Four user-facing operations. Each delegates to runtime functions defined in runtime/sema.go. The Cond itself holds:

  • noCopy noCopygo vet hint to prevent value copies.
  • L Locker — the lock the user supplied.
  • notify notifyList — the runtime-managed wait list and ticket counters.
  • checker copyChecker — a runtime check that the Cond has not been copied.

Everything interesting happens in notifyList and the four runtime_notifyList* functions.


notifyList — the Heart of Cond

Defined in runtime/sema.go:

type notifyList struct {
    wait   atomic.Uint32   // next ticket to be issued
    notify uint32          // next ticket to be notified
    lock   mutex           // runtime mutex protecting the list
    head   *sudog          // linked list head
    tail   *sudog          // linked list tail
}

Four critical fields:

  • wait — monotonically increasing counter, the next ticket number. Incremented on every Wait.
  • notify — the highest ticket number that has been notified. When a goroutine wakes, it compares its ticket to notify.
  • lock — a runtime-internal mutex (not sync.Mutex), used to protect head, tail, and notify.
  • head, tail — a doubly-linked list of sudogs (the runtime's "scheduling user-data G" struct, used for parking goroutines).

The list is a queue of parked goroutines. Each sudog carries the goroutine pointer and a ticket. The list is built in order: when a goroutine waits, it appends a sudog with its ticket to the tail.

The crucial property: tickets are monotonic. This gives the runtime a way to distinguish "old" waiters (already notified, should wake) from "new" waiters (parked after the notification, should remain parked).


runtime_notifyListAdd and Ticket Allocation

The first half of Wait:

func notifyListAdd(l *notifyList) uint32 {
    t := l.wait.Add(1) - 1
    return t
}

Allocates a new ticket. l.wait.Add(1) - 1 reserves the next ticket, atomically. This call does not touch the lock or the linked list — it is just an atomic increment.

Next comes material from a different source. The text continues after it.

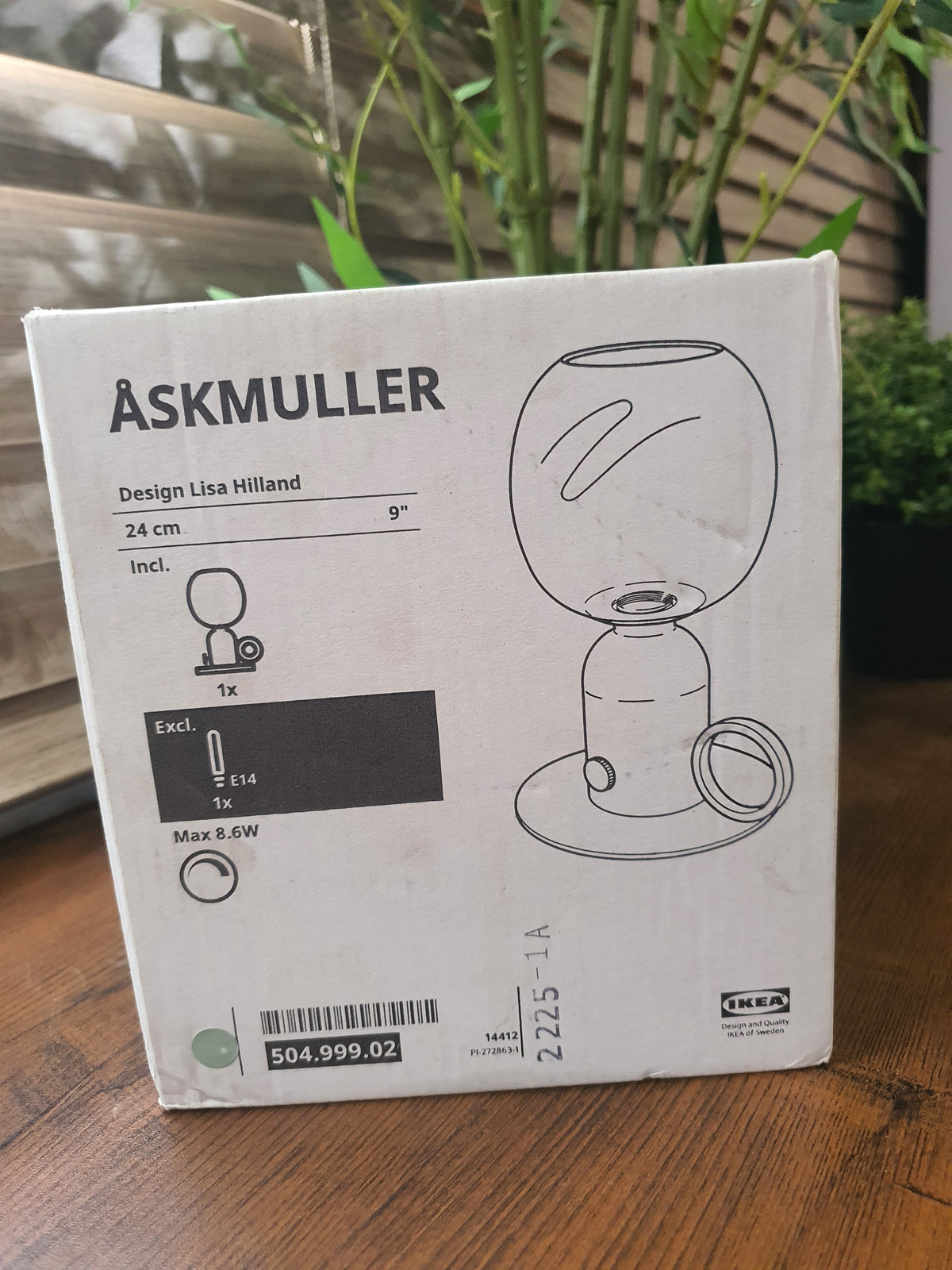 ÅSKMULLER Table lamp, grey-green, 24 cm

Why allocate the ticket before unlocking the user's mutex? Because the user holds cond.L at this point. If we allocated after the unlock, a Signal could fire between unlock and allocate, miss us, and we'd park forever. By allocating under the user's lock, we guarantee that any subsequent Signal sees our ticket as "outstanding."

So the ticket is the bridge: it is claimed under cond.L, and the Signal checks "any ticket ≥ notify to wake?" without needing cond.L.

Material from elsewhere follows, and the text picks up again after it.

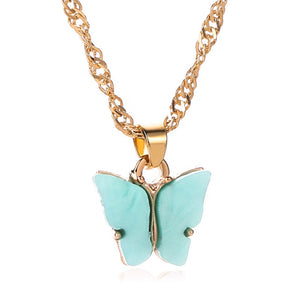 18k Gold Sea Green Carved Butterfly Drop Necklace
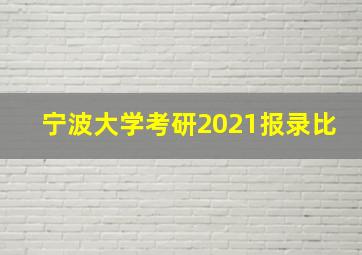 宁波大学考研2021报录比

runtime_notifyListWait — Park and Unpark

The second half of Wait:

func notifyListWait(l *notifyList, t uint32) {
    lockf(&l.lock)
    if less(t, l.notify) {
        unlockf(&l.lock)
        return       // already notified before we could park
    }
    s := acquireSudog()
    s.g = getg()
    s.ticket = t
    // append s to the linked list
    if l.tail == nil {
        l.head = s
    } else {
        l.tail.next = s
    }
    l.tail = s
    goparkunlock(&l.lock, ...)   // unlocks l.lock, parks the goroutine
    releaseSudog(s)
}

What it does:

  1. Acquires the runtime lock l.lock.
  2. Checks: if our ticket t was already notified (notification happened between notifyListAdd and now), we skip parking and return immediately.
  3. Otherwise, allocates a sudog for this goroutine, links it into the wait list.
  4. Calls goparkunlock — this is the runtime primitive that atomically:
  5. Releases l.lock.
  6. Parks the goroutine.

When the goroutine eventually wakes (because some Signal or Broadcast marked the sudog as ready), it resumes after goparkunlock, releases its sudog, and returns from notifyListWait. Back in Wait, the final step is c.L.Lock() — re-acquire the user's mutex.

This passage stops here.